アイ・アム・サム 〜人間と畜生の垣根を軽く飛び越える〜 2002 米 監督:ショーン・ペン 何と言いますか、凝ったカメラの動きも、ペン氏の「具合の悪い人」の演技も、お腹いっぱいになる映画でしたね。ちなみにこの映画、オランダ旅行したときの機内映画で観たんですよ。行きの便がこの映画で、帰りの便は「ビューティフル・マインド」。行きは「知恵の足らない人」の映画で帰りは「頭のおかしい人」の映画というプログラムだったもんで、これも何かの縁ですかね。
で、映画自体の内容はどうでもいいんですが、この映画を観て思い出したのが先日NHKでやってました「輝け!西成の子ども達」というタイトルのドキュメンタリーです。労務者と、労務してない人の街、大阪・西成で暮らす様々な子ども達の生活をレポートした番組だったんですが、番組中で一番グッときたのが、カナちゃん(仮名)という10歳くらいの女の子の話。

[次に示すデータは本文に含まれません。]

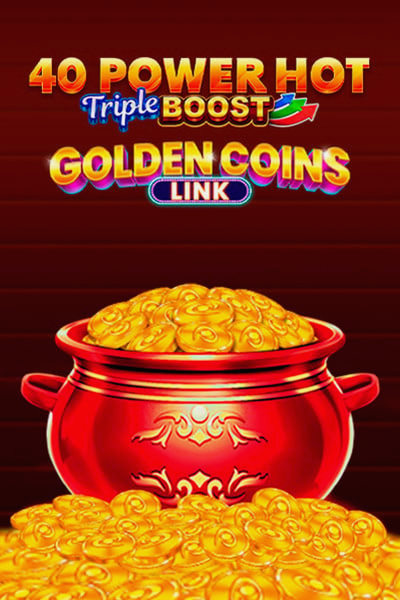 Naslovnica 40 Power Hot Triple Boost Golden Coins Link, Betwest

カナちゃんはお父さんと二人暮らし。このお父さんというのがアル中で無職。酒で体を壊して、日がな一日ブラブラしてまして、当然生活保護で糊口を凌ぐ日々。お母さんはそんな親父に愛想を尽かして、幼いカナちゃんを残して実家に帰ってしまいました。そんな訳で、炊事・洗濯・掃除・ヨイヨイ親父の世話という一切仕事は、カナちゃんの役目となっている訳ですね。健気にご飯を作り、自分の世話をしてくれるカナちゃんに対して絶対依存するこのアル中親父は、悪びれもせず酒を飲み続けます。シーンは移って近所の居酒屋。カナちゃんと生ける屍のような親父が並んで座っています。

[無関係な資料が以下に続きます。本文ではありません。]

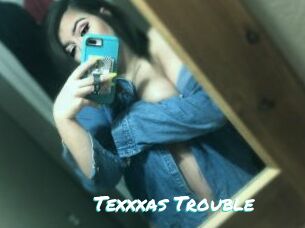 Texxxas_Trouble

「もう!お酒飲んだらあかんって言うてるやろ!」やけに大人びた口調で親父を叱責するカナちゃん。しかし親父はヘラヘラと笑って、一向に聞く耳を持ちません。そればかりか、
「いや、コイツ(カナちゃん)はようやってくれよる。コイツはわしの嫁はんや!」
などと嘘ぶいてゲハハと笑う訳です。
いや、案外、人間と畜生の垣根というやつは低いもので、それをひらりと飛び越えることのできる人間は多いのです。そんなことを考えてこの映画を観ていますと、馬鹿に脳天気なラストシーンにも違う味わいがありますね。